The discovery of non-traditional antibodies in conditions like SPS opens new research avenues. Anti-cardiolipin and anti-β2-GPI antibodies, previously associated with conditions like antiphospholipid syndrome and systemic lupus erythematosus, have now been identified in some SPS patients . Methodological approaches for exploring novel antibody targets include:
Unbiased proteomic screening:
Protein microarrays to identify novel autoantigen targets
Immunoprecipitation followed by mass spectrometry
Comparative analysis between SPS patients and controls
Correlation with clinical phenotypes:
Detailed clinical characterization of patients with novel antibody profiles
Longitudinal assessment of antibody titers and symptom progression
Response to different treatment modalities based on antibody profile
Mechanistic studies:
In vitro functional assays to determine antibody pathogenicity
Animal models to validate causal relationships
Structural studies of antibody-antigen interactions
The identification of additional antibody targets may lead to more precise patient stratification, targeted therapies, and improved diagnostic tools.
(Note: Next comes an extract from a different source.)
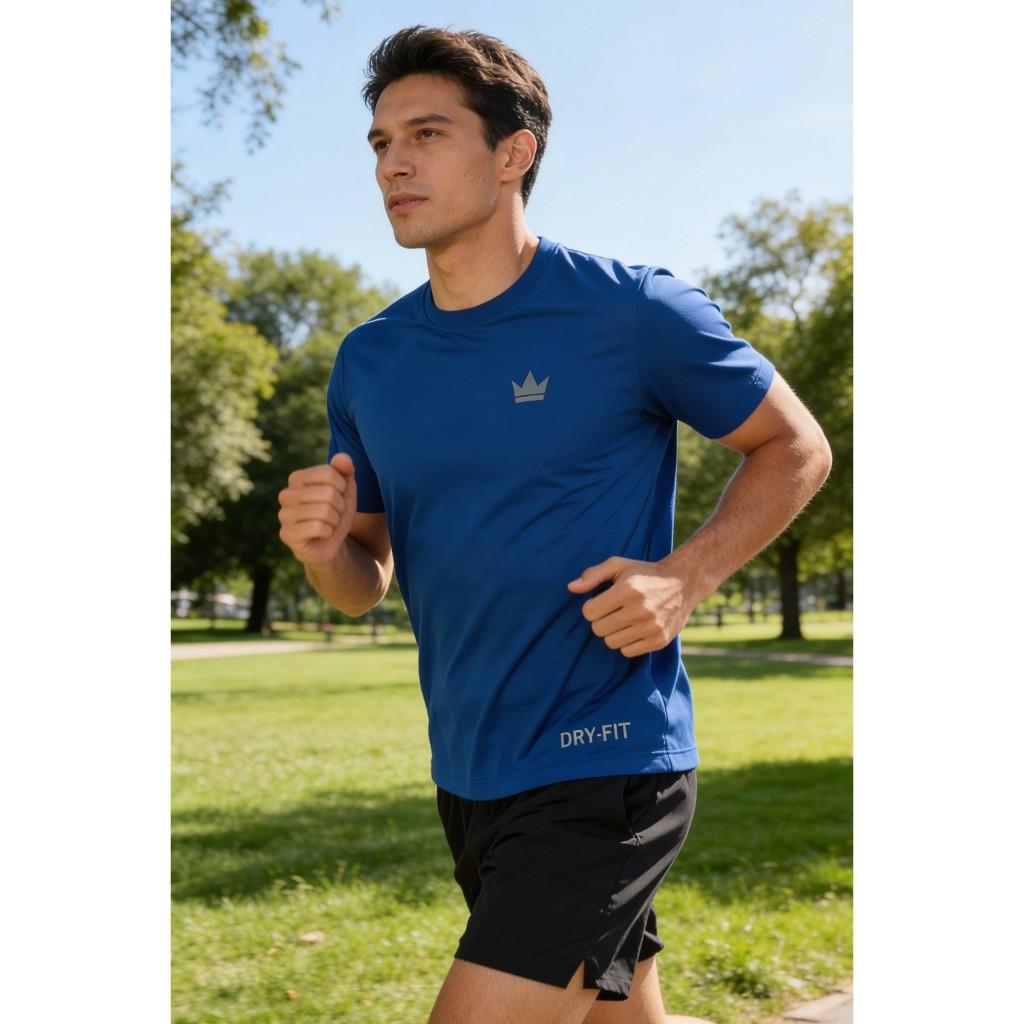 Kit 3 Camisetas Dry Fit Masculina Treino Academia Corrida Ciclismo Beach Tenis Uv Rei Do Esporte
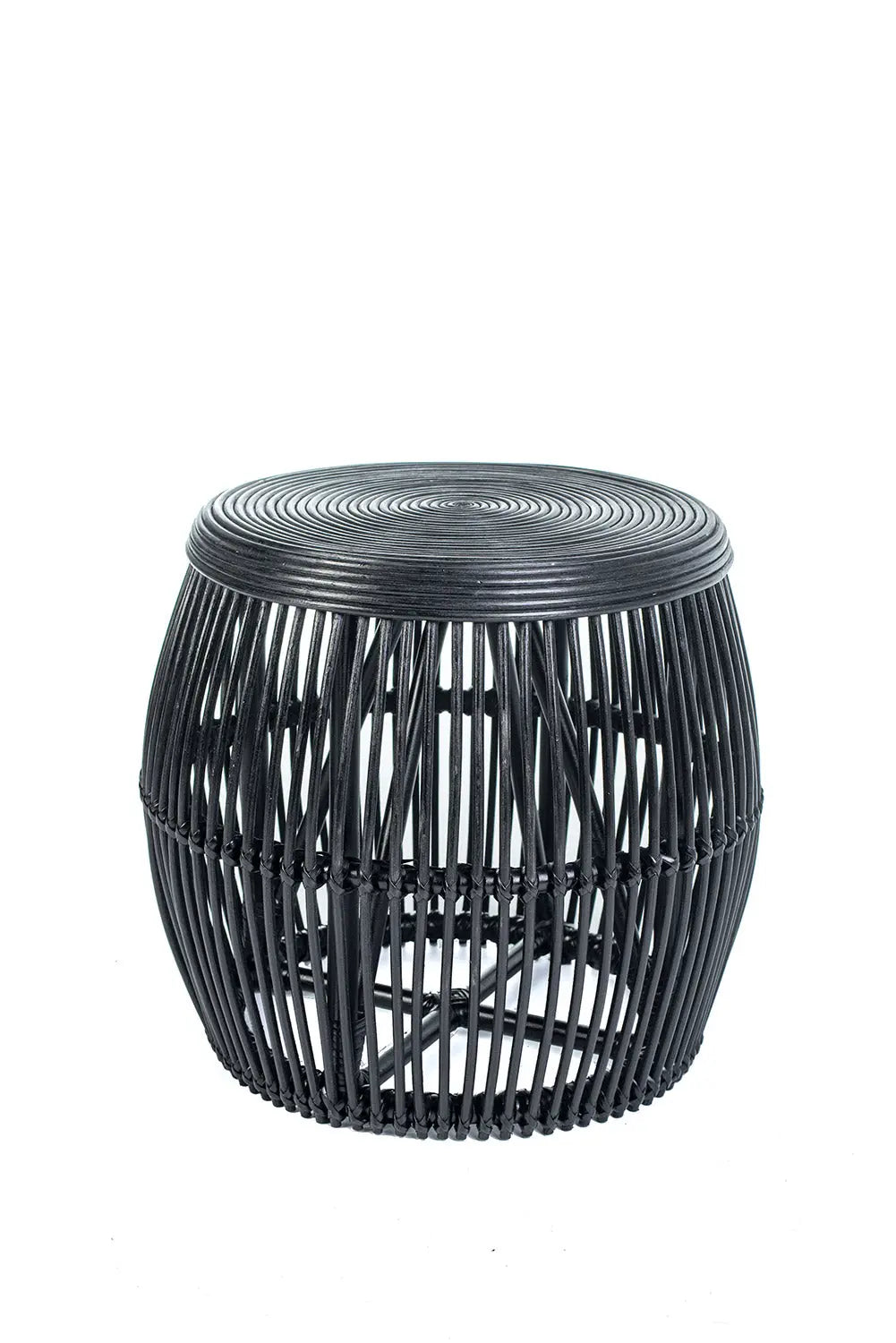 BILBAO Rattan Coffee Table Black 45 cm | Boho Living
Further investigation of anti-cardiolipin and anti-β2-GPI antibodies in SPS patients is warranted to determine if they play a pathological role or serve as biomarkers .
Future computational approaches to antibody engineering will likely incorporate:
Integrated AI modeling frameworks:
Physics-based simulation combined with deep learning
Sequence-to-function prediction models
Structure-guided optimization algorithms
High-throughput virtual screening:
Parallelized simulation of thousands of candidate designs
Automated ranking based on multiple parameters
Efficient selection of candidates for experimental validation
Developability prediction algorithms:
Early identification of manufacturing challenges
Optimization for stability, solubility, and low immunogenicity
Balance between binding affinity and pharmaceutical properties
Epitope-focused design strategies:
Target conserved epitopes to address variant escape
Design antibodies resistant to antigen mutation
Structural analysis of antibody-antigen complexes to identify critical binding residues
These approaches could dramatically reduce development timelines and costs while improving success rates for therapeutic antibodies.